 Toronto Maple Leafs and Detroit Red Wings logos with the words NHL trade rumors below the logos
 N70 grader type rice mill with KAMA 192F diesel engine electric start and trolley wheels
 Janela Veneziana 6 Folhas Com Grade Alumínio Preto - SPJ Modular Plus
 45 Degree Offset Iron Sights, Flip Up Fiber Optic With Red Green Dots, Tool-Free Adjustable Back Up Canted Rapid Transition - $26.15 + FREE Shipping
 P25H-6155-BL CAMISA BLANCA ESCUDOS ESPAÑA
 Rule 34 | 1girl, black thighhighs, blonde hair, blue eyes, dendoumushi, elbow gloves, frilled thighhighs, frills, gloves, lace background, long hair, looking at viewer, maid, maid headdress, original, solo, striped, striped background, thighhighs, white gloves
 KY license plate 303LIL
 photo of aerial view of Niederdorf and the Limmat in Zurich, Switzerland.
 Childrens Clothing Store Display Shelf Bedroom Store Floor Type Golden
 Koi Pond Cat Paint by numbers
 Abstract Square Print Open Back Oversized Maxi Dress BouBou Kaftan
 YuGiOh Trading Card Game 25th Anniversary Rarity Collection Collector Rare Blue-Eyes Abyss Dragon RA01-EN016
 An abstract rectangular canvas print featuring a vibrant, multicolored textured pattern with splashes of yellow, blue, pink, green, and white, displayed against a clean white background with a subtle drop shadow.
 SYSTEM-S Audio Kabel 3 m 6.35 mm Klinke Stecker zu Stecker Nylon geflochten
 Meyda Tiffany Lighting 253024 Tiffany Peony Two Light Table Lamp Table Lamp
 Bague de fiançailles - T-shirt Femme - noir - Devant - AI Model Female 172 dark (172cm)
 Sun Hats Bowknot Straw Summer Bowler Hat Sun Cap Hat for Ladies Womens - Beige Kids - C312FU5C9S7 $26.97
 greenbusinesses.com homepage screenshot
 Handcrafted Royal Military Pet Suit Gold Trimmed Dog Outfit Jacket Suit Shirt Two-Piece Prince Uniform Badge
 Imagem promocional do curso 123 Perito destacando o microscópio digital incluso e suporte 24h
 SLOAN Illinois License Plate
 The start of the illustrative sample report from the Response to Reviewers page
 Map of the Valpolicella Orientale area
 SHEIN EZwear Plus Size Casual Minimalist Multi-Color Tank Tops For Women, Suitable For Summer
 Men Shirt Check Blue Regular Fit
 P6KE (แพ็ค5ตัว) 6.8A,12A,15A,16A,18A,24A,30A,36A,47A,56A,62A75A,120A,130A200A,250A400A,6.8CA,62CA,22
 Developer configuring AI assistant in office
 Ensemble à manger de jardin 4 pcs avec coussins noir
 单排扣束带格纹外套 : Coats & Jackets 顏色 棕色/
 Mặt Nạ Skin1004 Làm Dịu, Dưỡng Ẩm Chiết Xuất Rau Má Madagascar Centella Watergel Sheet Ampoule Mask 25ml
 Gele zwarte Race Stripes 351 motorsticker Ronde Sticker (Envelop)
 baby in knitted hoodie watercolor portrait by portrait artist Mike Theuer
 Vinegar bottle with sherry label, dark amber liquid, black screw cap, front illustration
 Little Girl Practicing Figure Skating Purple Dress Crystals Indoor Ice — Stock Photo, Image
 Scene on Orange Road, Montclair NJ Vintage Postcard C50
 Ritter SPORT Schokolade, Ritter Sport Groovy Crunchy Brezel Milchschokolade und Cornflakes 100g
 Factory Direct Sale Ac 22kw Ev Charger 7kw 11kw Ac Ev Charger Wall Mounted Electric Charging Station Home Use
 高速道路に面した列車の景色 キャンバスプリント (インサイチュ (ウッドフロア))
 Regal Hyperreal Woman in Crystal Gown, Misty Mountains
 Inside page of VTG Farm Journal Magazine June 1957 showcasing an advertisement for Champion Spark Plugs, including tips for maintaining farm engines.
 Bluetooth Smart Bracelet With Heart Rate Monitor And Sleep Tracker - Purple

= = = =

Exercise
Write the listing out again, word for word, in its entirety.

The completed task
 Toronto Maple Leafs and Detroit Red Wings logos with the words NHL trade rumors below the logos
 N70 grader type rice mill with KAMA 192F diesel engine electric start and trolley wheels
 Janela Veneziana 6 Folhas Com Grade Alumínio Preto - SPJ Modular Plus
 45 Degree Offset Iron Sights, Flip Up Fiber Optic With Red Green Dots, Tool-Free Adjustable Back Up Canted Rapid Transition - $26.15 + FREE Shipping
 P25H-6155-BL CAMISA BLANCA ESCUDOS ESPAÑA
 Rule 34 | 1girl, black thighhighs, blonde hair, blue eyes, dendoumushi, elbow gloves, frilled thighhighs, frills, gloves, lace background, long hair, looking at viewer, maid, maid headdress, original, solo, striped, striped background, thighhighs, white gloves
 KY license plate 303LIL
 photo of aerial view of Niederdorf and the Limmat in Zurich, Switzerland.
 Childrens Clothing Store Display Shelf Bedroom Store Floor Type Golden
 Koi Pond Cat Paint by numbers
 Abstract Square Print Open Back Oversized Maxi Dress BouBou Kaftan
 YuGiOh Trading Card Game 25th Anniversary Rarity Collection Collector Rare Blue-Eyes Abyss Dragon RA01-EN016
 An abstract rectangular canvas print featuring a vibrant, multicolored textured pattern with splashes of yellow, blue, pink, green, and white, displayed against a clean white background with a subtle drop shadow.
 SYSTEM-S Audio Kabel 3 m 6.35 mm Klinke Stecker zu Stecker Nylon geflochten
 Meyda Tiffany Lighting 253024 Tiffany Peony Two Light Table Lamp Table Lamp
 Bague de fiançailles - T-shirt Femme - noir - Devant - AI Model Female 172 dark (172cm)
 Sun Hats Bowknot Straw Summer Bowler Hat Sun Cap Hat for Ladies Womens - Beige Kids - C312FU5C9S7 $26.97
 greenbusinesses.com homepage screenshot
 Handcrafted Royal Military Pet Suit Gold Trimmed Dog Outfit Jacket Suit Shirt Two-Piece Prince Uniform Badge
 Imagem promocional do curso 123 Perito destacando o microscópio digital incluso e suporte 24h
 SLOAN Illinois License Plate
 The start of the illustrative sample report from the Response to Reviewers page
 Map of the Valpolicella Orientale area
 SHEIN EZwear Plus Size Casual Minimalist Multi-Color Tank Tops For Women, Suitable For Summer
 Men Shirt Check Blue Regular Fit
 P6KE (แพ็ค5ตัว) 6.8A,12A,15A,16A,18A,24A,30A,36A,47A,56A,62A75A,120A,130A200A,250A400A,6.8CA,62CA,22
 Developer configuring AI assistant in office
 Ensemble à manger de jardin 4 pcs avec coussins noir
 单排扣束带格纹外套 : Coats & Jackets 顏色 棕色/
 Mặt Nạ Skin1004 Làm Dịu, Dưỡng Ẩm Chiết Xuất Rau Má Madagascar Centella Watergel Sheet Ampoule Mask 25ml
 Gele zwarte Race Stripes 351 motorsticker Ronde Sticker (Envelop)
 baby in knitted hoodie watercolor portrait by portrait artist Mike Theuer
 Vinegar bottle with sherry label, dark amber liquid, black screw cap, front illustration
 Little Girl Practicing Figure Skating Purple Dress Crystals Indoor Ice — Stock Photo, Image
 Scene on Orange Road, Montclair NJ Vintage Postcard C50
 Ritter SPORT Schokolade, Ritter Sport Groovy Crunchy Brezel Milchschokolade und Cornflakes 100g
 Factory Direct Sale Ac 22kw Ev Charger 7kw 11kw Ac Ev Charger Wall Mounted Electric Charging Station Home Use
 高速道路に面した列車の景色 キャンバスプリント (インサイチュ (ウッドフロア))
 Regal Hyperreal Woman in Crystal Gown, Misty Mountains
 Inside page of VTG Farm Journal Magazine June 1957 showcasing an advertisement for Champion Spark Plugs, including tips for maintaining farm engines.
 Bluetooth Smart Bracelet With Heart Rate Monitor And Sleep Tracker - Purple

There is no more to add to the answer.